LA SALUTE – C’è poi un altro dato su cui riflettere. Indossare questo tipo di abiti danneggia non solo la salute di chi li produce, esponendoli a rischi incalcolabili, ma anche noi che li indossiamo. Infatti, ad ogni lavaggio, gli indumenti di bassa qualità che abbiamo acquistato rilasciano delle microfibre e microplastiche che sono dannose prima di tutto per la nostra salute. Lavare, per esempio, una giacca sintetica comporta il rilascio in lavatrice di 1,174 milligrammi di microfibre in media, il 40% delle quali arriva a fiumi, mari e oceani. E, com’è facilmente intuibile, da lì giunge nel sale da cucina, oltre che in tutti i gradini della piramide alimentare acquatica. Parliamo di dati da non sottovalutare, e per capirlo basta anche solamente pesare a quanto spesso laviamo gli indumenti di uso più comune. È obbligatorio quindi capire la necessità di allungare la vita dei nostri capi, non etichettandoli come usa e getta, ma conferendo loro quantomeno la dignità che non è data a chi li produce. Riutilizzare un paio di jeans che pensavamo di non mettere più costituisce un regalo fatto all’ambiente e alla nostra salute, pensando diversamente la globalizzazione del nostro tempo.

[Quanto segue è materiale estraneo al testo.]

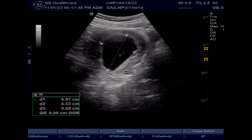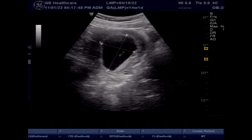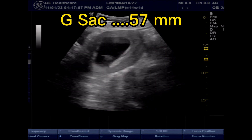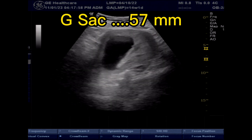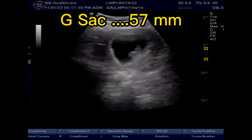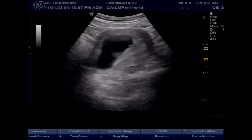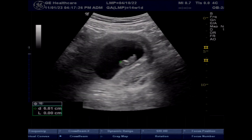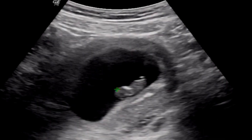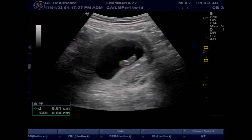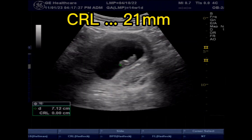But as a radiologist, never rely on LMP. The minimum time for fetal pole visualization is 5 weeks 4 days. Cardiac activity is positive as early as the fetal pole is seen. It is also positive on color Doppler.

IL COMPROMESSO – Alcuni dei brand più famosi, anche tra quelli che hanno fatto della fast-fashion la loro fortuna, hanno fatto i conti con l’insostenibilità della propria produzione. Ne è scaturita una particolare attenzione alla tematica, che ha comportato la nascita di collezioni dedicate alla sostenibilità e all’etica della propria produzione. Su internet sono facilmente ricercabili i nomi di quei marchi attenti a non fare del male al pianeta (o a farne il meno possibile), così come di quelli che utilizzano materiale riciclato per la propria produzione. Ci sono poi i tessuti “sostenibili”, come la canapa o lino, il cotone se ben utilizzato, il caucciù o la gomma naturale. Tanti brand sono nati negli ultimi anni proprio con lo scopo di fare moda sostenibile, dando alla luce prodotti che non hanno esteticamente nulla da invidiare a quelli “canonici”. Da sempre, il problema di una vita sostenibile è legato al prezzo di questa, e sarebbe una bugia affermare che questo non sia un problema vero. Tanti di questi marchi, però, si prodigano e attivano costantemente in sconti che rendano accessibili i loro prodotti, proprio perché la filosofia alla base di una certa produzione può valere quanto (se non di più) il ricavo aziendale. La vera speranza, però, è legata alla consapevolezza dei compratori. Quando la nostra sensibilità sarà davvero vicina a queste tematiche, allora potremo davvero invertire una tendenza, e mettere i bastoni tra le ruote a chi, solleticandoci l’appetito, ha creato questa tendenza.